The only possibility for the situation to happen would be if SyncTypeCreate_r() for pthread_cond_init() could return
error status but leave condvar actually allocated (or partially allocated).
OK, I checked the kernel. I, actually, have never peeked into the kernel code and do not know it, but on first glance
everything looks fine for condvar allocation. Just in nano_sync.c in line 47
// Allocate a sync entry.
if((syp = object_alloc(prp, &sync_souls)) == NULL) {
kererr(act, EAGAIN);
return(NULL);
}
// Map the virtual address of the users sync to a physical addr.
// (flags & PTHREAD_PROCESSSHARED_MASK) may be useful to memmgr
// Note that we tell vaddr_to_memobj to mark this page as containing a
// sync object.
if((obp = memmgr.vaddr_to_memobj(prp, sync, &addr, 1)) == (OBJECT *)-1) {
<------------------------------------ HERE
kererr(act, EINVAL);
return NULL;
}
// Add the entry to the sync vector.
if(synchash_add(obp, addr, syp) == -1) {
object_free(prp, &sync_souls, syp);
kererr(act, EBUSY);
return(NULL);
}
would not it be good to call object_free() just like it is done in next conditional statement? Anyway, even if there is
a memory leak it happens before binding object to physical address and I doubt it could result in EBUSY from subsequent
calls. So the question "How could sleepon get into the state when it has lost a condvar for a released block?" remains
open.
Also, while examining thread pool code I've found one more cosmetic issue.

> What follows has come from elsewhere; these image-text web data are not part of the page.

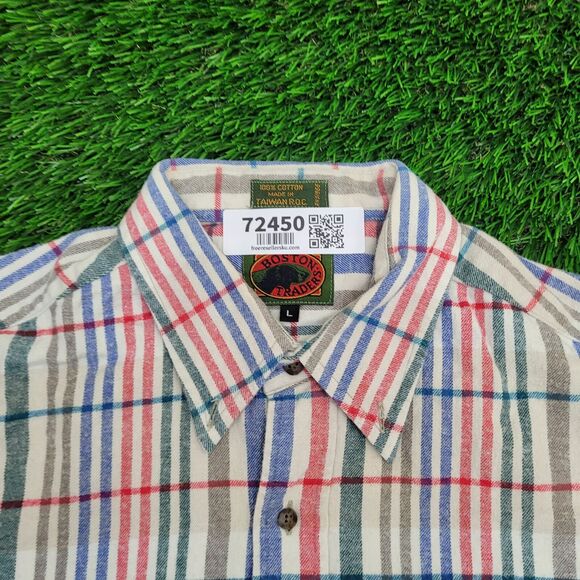 Vintage Boston Traders Button Shirt Large 23x31 Blue Pastel - Picture 9 of 12
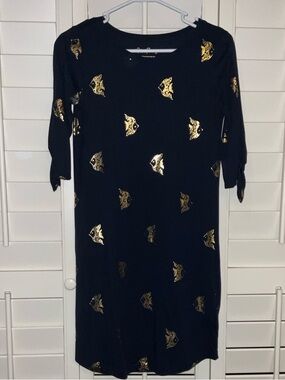 Lilly Pulitzer Navy Dress with Gold Foil Accents. 1/4 sleeves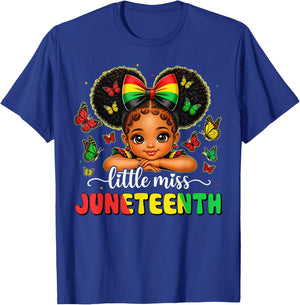 Little Miss Juneteenth Shirt Black African June 19th Girls T-Shirt - T-Shirt | Royal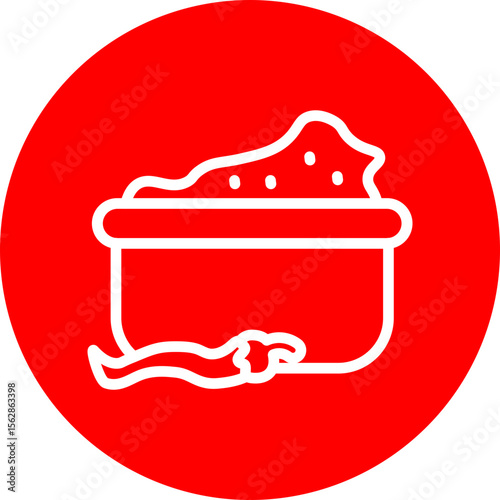 Mexican Street Food Vector Line White Circle Red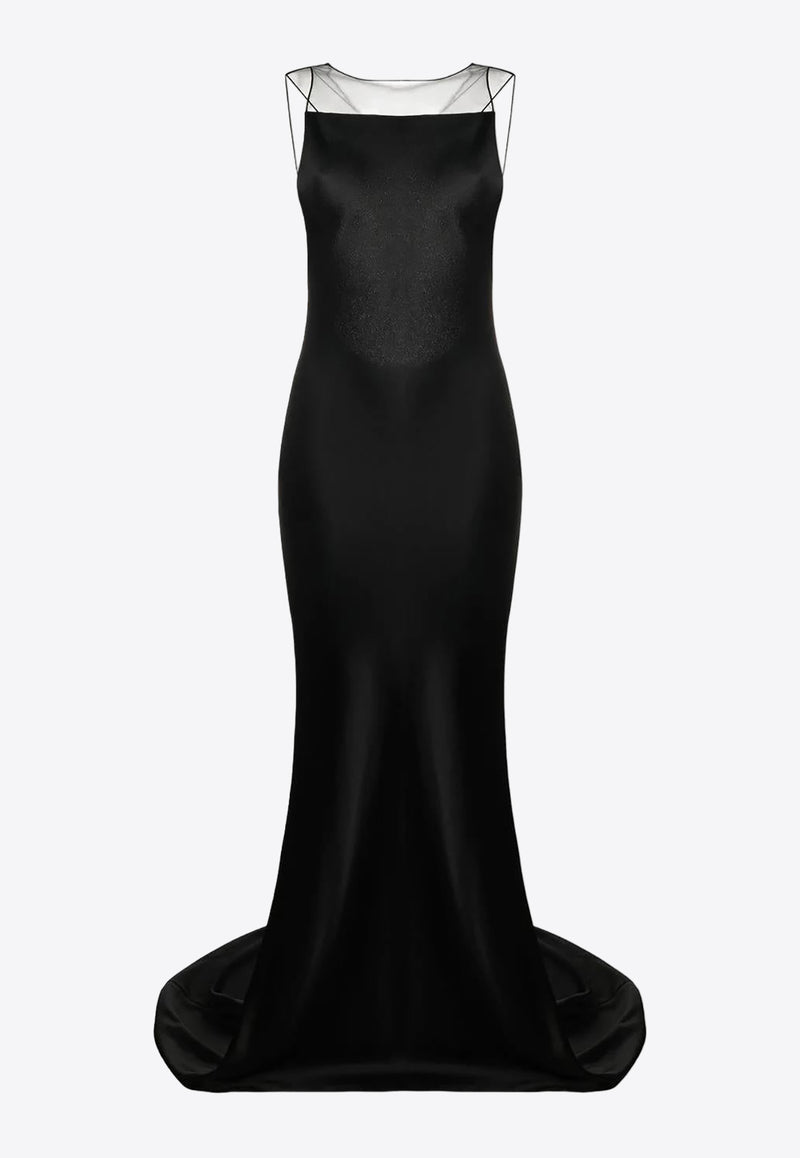 Maison Margiela Satin Fishtail Gown Black SI0CT0001S49465_900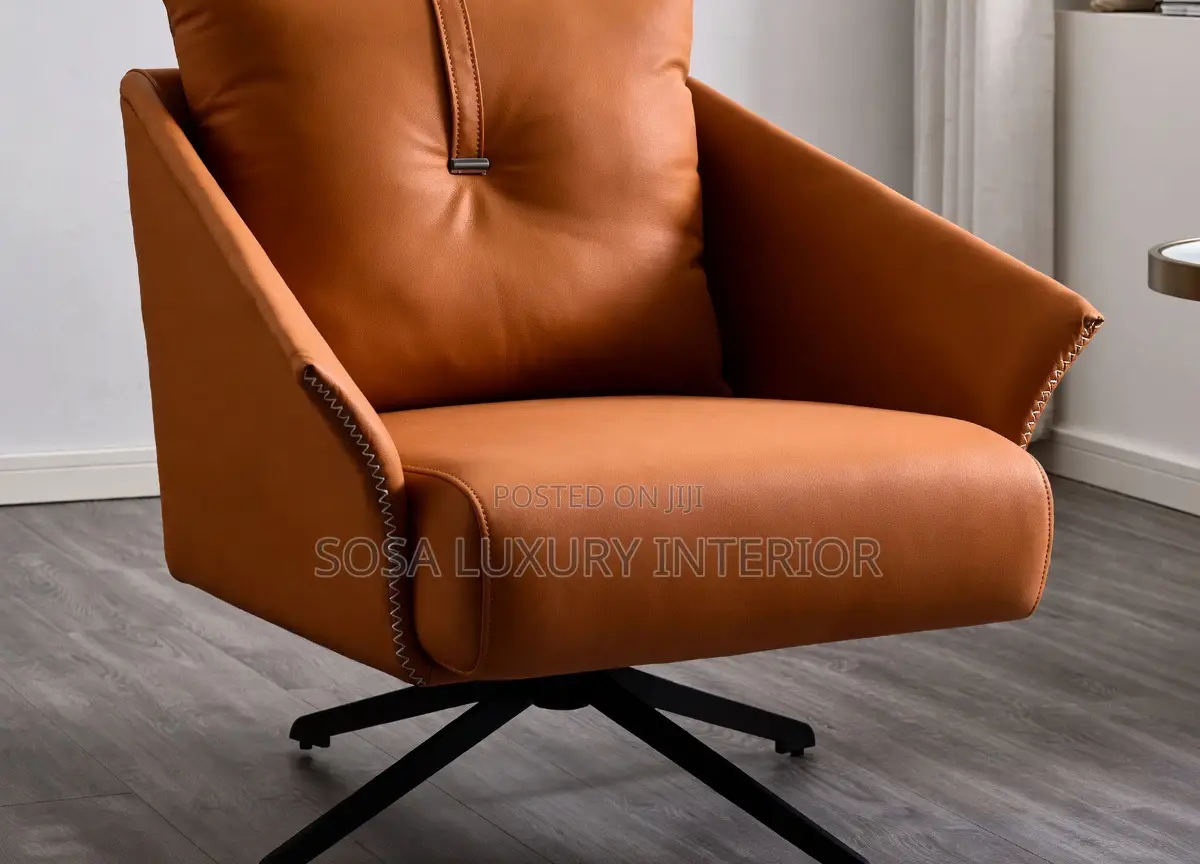 Brand New Orange Swivel Armchair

In thread_pool_destroy()...
/* destroy pool cond */
pthread_mutex_destroy(&(props->pool_cond));
/* destroy pool mutex */
pthread_mutex_destroy(&(props->inline_lock));
It's great that invocations of both pthread_cond_destroy() and pthread_mutex_destroy() result in the same kernel call,
but still, it would be better to call pthread_cond_destroy() for props->pool_cond as it is a condvar, not a mutex.
|
|
|
Colin Burgess(deleted)
04/17/2009 1:41 PM
post27396
|
If could be that someone forgot to release a synchronisation object. r161301 was such a case - a mutex was not being
destroyed before
the memory it was in was free()d.
Thanks for the pthread_mutex_destroy issue - you're right that it doesn't cause a problem but it's just a "happens
to work" thing, and we'll fix it.
I actually suggested to the libmalloc folks that they add sync object tracking to libmalloc so that when you
do a free it will warn if it contains a 'live' sync object, I'm not sure if they have actioned that yet.
Cheers,
Colin
Oleh Derevenko wrote:
> Hi All,
>
> Let me start telling my story...
> So, today my process has hung on exit. I have attached to it with gdb and found that the thread is infinitely looping
in thread_pool_destroy(). It's 6.3.2, so there is older thread pool implementation (prior to commit #167031) with
sleepons. The thread is looping here
>
> /*
> Wait for everyone to die. We should probably not use the
> default sleepon here, but it is such a low runner case.
> */
> pthread_sleepon_lock();
> while(pool->created > 0) {
> pthread_sleepon_wait(pool);
> }
> pthread_sleepon_unlock();
>
> it repeatedly calls _sleepon_wait(), that one allocates _sleepon_entry from heap, tries to initialize a new condvar
for it, pthread_cond_init fails with EBUSY, then it releases memory block back to heap exits pthread_sleepon_wait() and
loops again ad infinitum. All the other pool threads are blocked because the looping thread holds sleepon mutex.
>
> So, the code is now gone and new implementation does not use sleepons. But how could _sleepon_entry be released
without having its condvar destroyed? I checked sleepon.c implementation but could not find any possibilities for that.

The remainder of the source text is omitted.